- **Requirement**
Omitting every picture, copy the lines from the one that contains "Sort Volvo C40 fra 2023" through the last line of the records below, exactly and with nothing added.

- **Records to process**

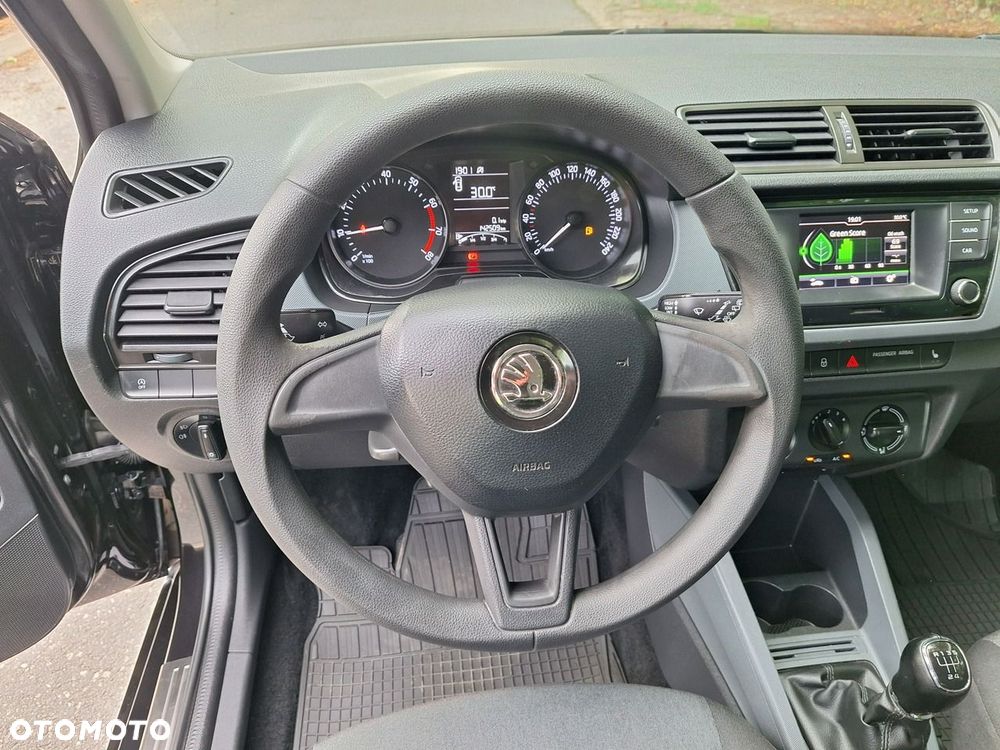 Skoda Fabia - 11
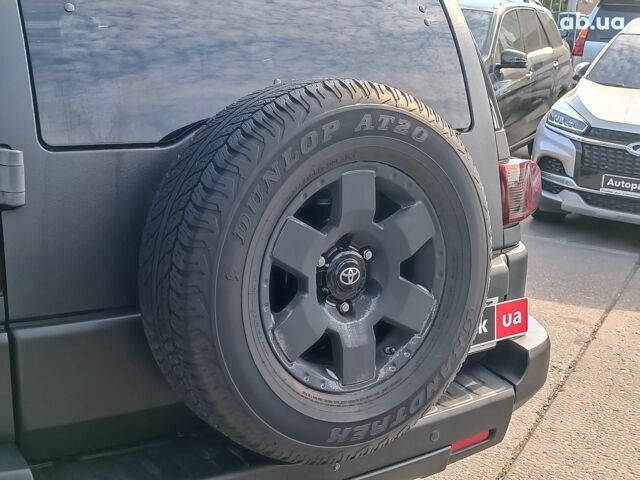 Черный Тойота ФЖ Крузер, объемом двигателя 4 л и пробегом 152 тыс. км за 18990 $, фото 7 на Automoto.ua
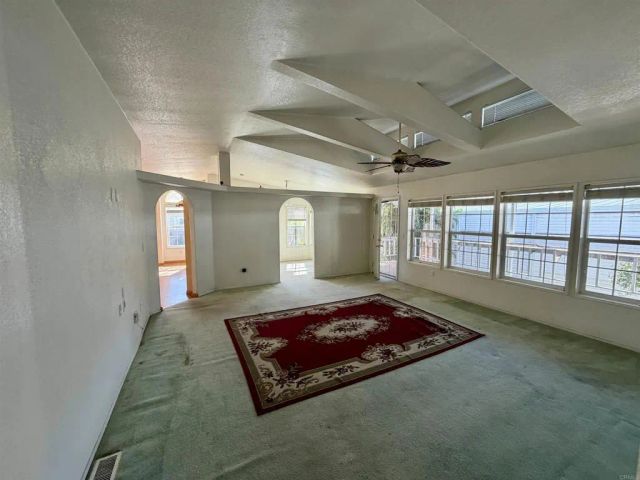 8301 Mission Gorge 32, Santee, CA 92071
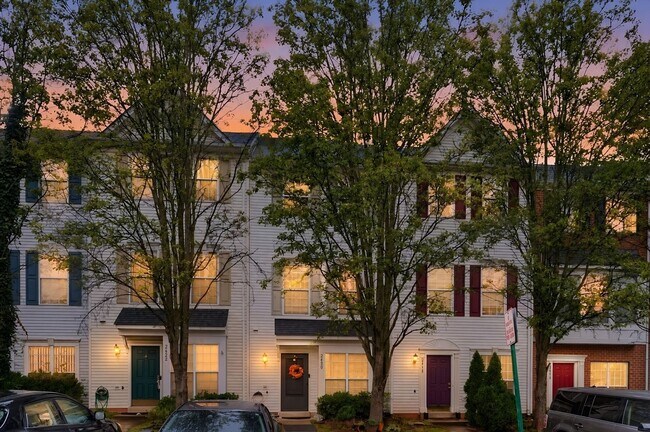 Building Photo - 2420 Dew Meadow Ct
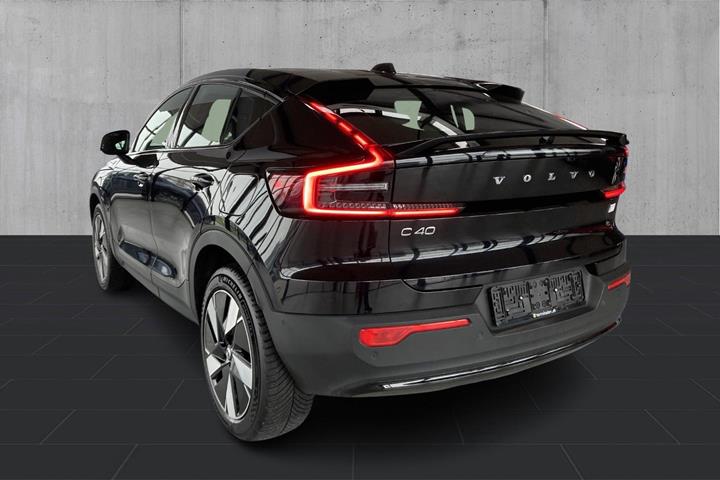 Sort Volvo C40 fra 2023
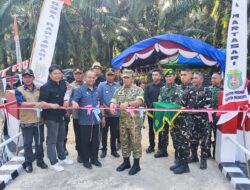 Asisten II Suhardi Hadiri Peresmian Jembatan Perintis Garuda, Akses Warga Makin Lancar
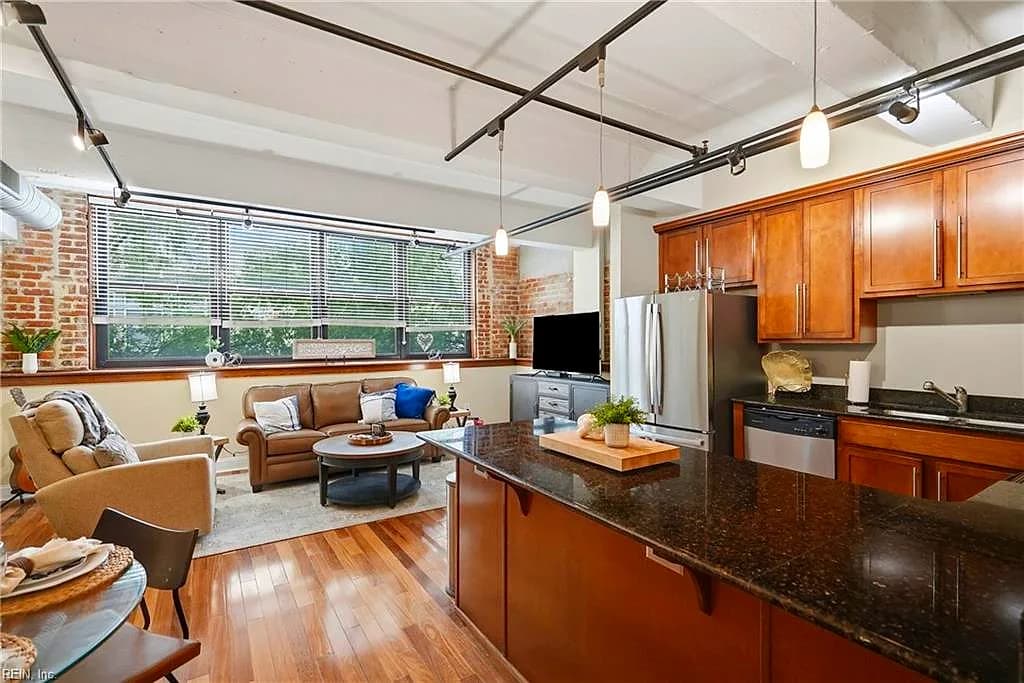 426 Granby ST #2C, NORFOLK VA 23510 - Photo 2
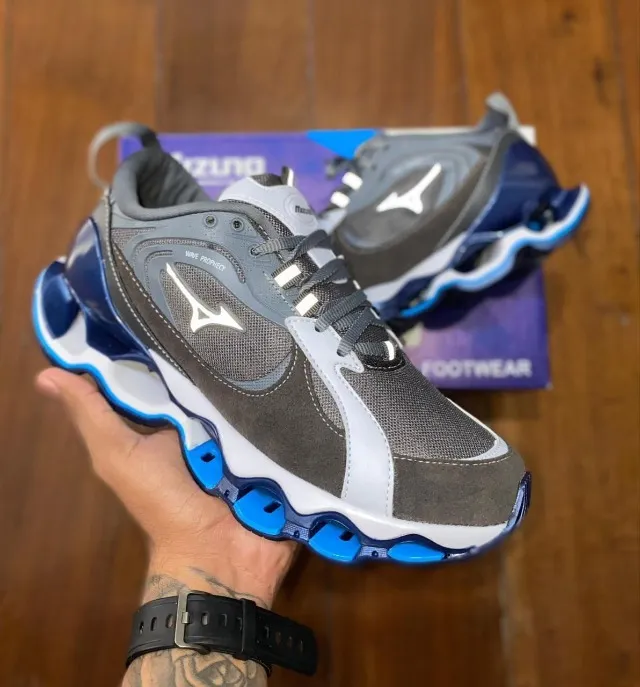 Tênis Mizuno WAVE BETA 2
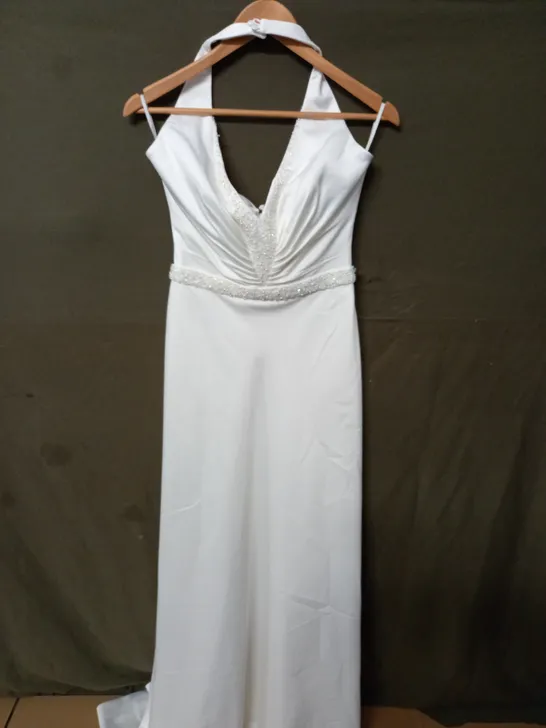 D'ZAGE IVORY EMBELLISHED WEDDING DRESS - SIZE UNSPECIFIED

- **Result below**
 Sort Volvo C40 fra 2023
 Asisten II Suhardi Hadiri Peresmian Jembatan Perintis Garuda, Akses Warga Makin Lancar
 426 Granby ST #2C, NORFOLK VA 23510 - Photo 2
 Tênis Mizuno WAVE BETA 2
 D'ZAGE IVORY EMBELLISHED WEDDING DRESS - SIZE UNSPECIFIED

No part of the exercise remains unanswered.